_Material provided_
* * * * *

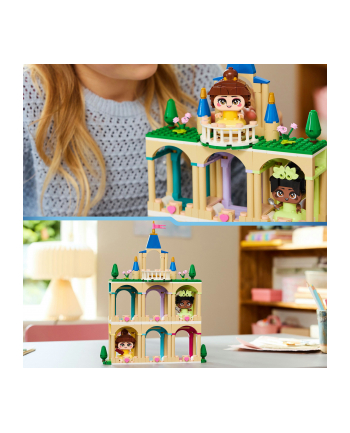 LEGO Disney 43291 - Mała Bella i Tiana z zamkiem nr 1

* * * * *

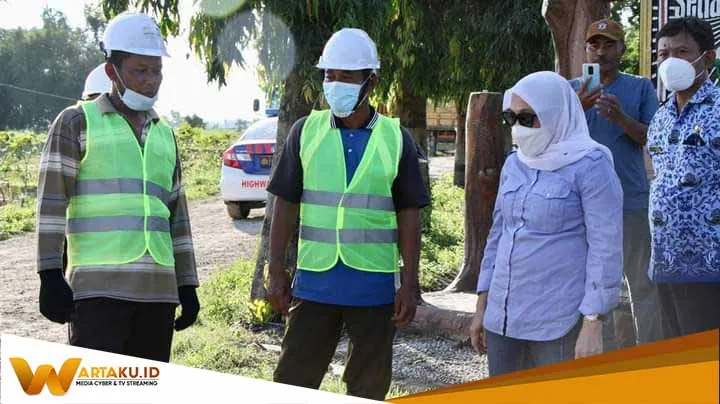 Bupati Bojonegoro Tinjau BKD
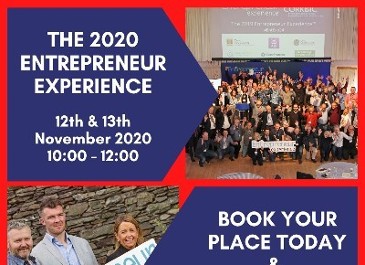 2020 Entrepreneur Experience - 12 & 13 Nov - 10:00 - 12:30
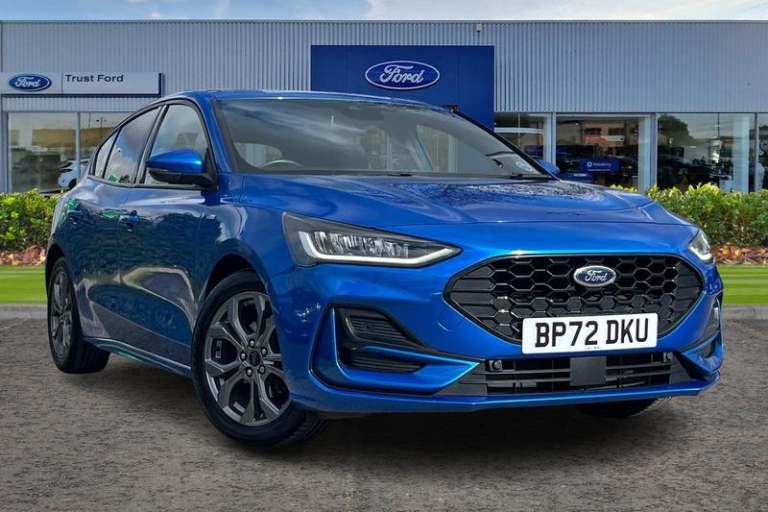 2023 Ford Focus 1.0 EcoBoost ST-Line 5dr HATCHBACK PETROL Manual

* * * * *

_About this exercise_
In the listing above, find the line containing "Bupati Bojonegoro Tinjau BKD" and the line containing "2023 Ford Focus", then print exactly those two lines and every line between them, minus the pictures.

_Completed exercise_
 Bupati Bojonegoro Tinjau BKD
 2020 Entrepreneur Experience - 12 & 13 Nov - 10:00 - 12:30
 2023 Ford Focus 1.0 EcoBoost ST-Line 5dr HATCHBACK PETROL Manual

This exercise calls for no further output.